What you need to do:
At the line with "Chinese Classical Lotus", start transcribing; stop after the last line of the data below. Keep it exact and leave pictures out.

Data below:

════

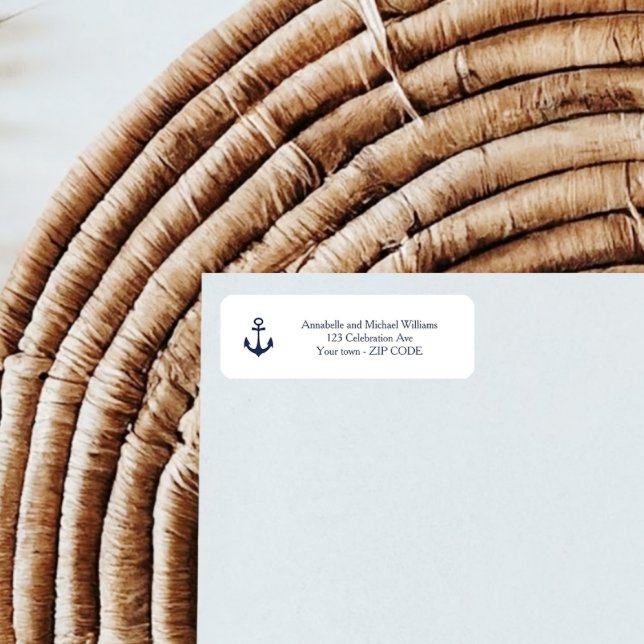 Navy Anchor Nautical Yacht Coastal WEDD-Adresse (Von Creator hochgeladen)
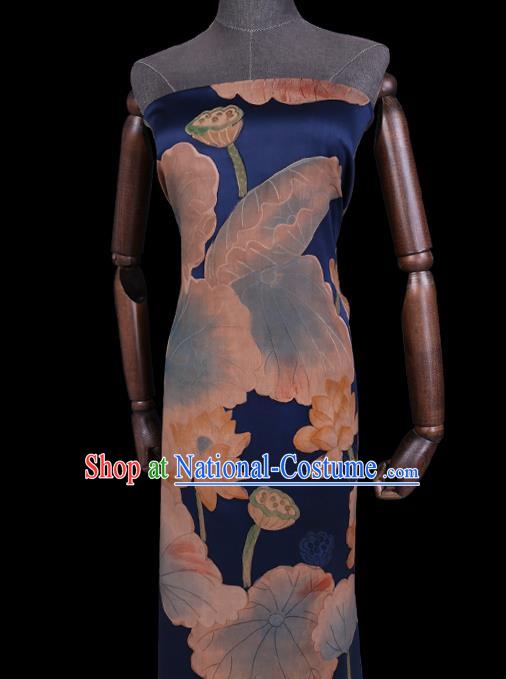 Chinese Classical Lotus Pattern Deep Blue Satin Fabric Traditional Cheongsam Watered Gauze Gambiered Guangdong Silk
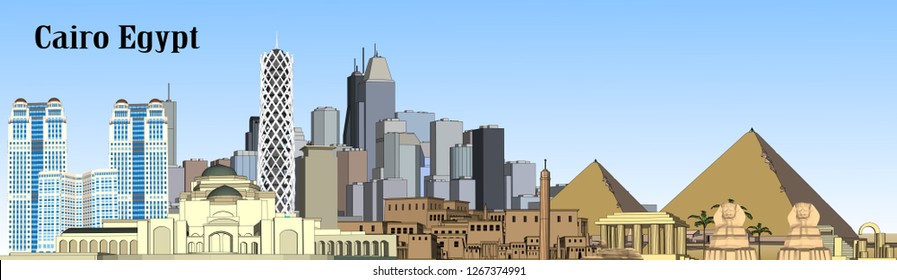 Vector structure of the city of Cairo, Egypt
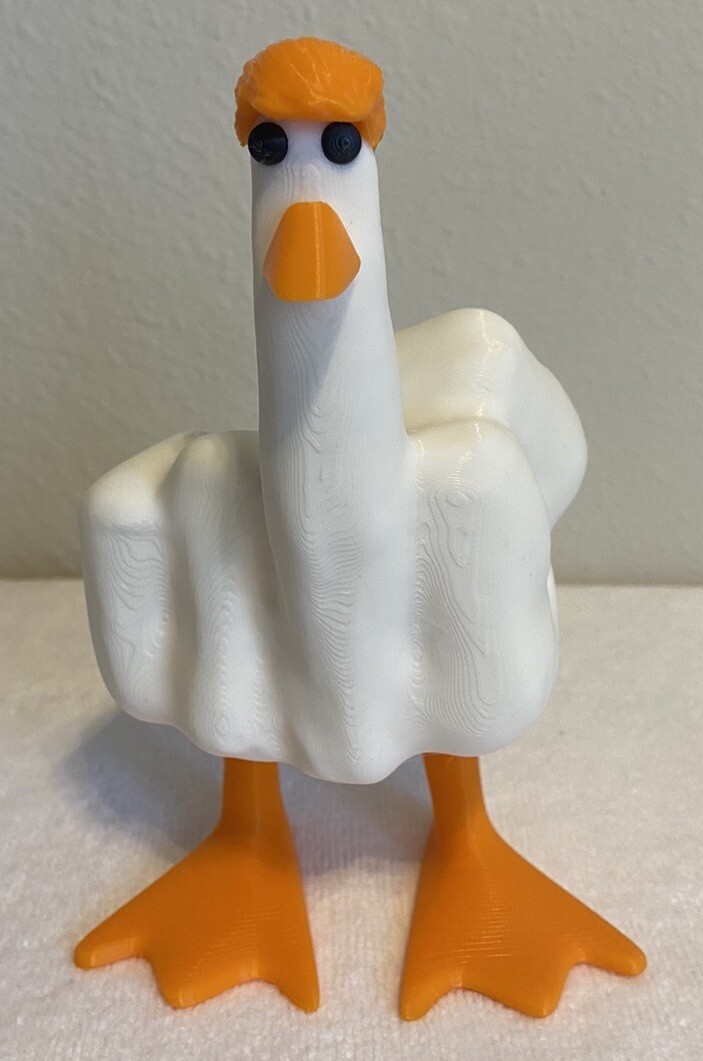 3D-Printed Middle Finger Duck (Custom colors check description!)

════

Exercise answer:
 Chinese Classical Lotus Pattern Deep Blue Satin Fabric Traditional Cheongsam Watered Gauze Gambiered Guangdong Silk
 Vector structure of the city of Cairo, Egypt
 3D-Printed Middle Finger Duck (Custom colors check description!)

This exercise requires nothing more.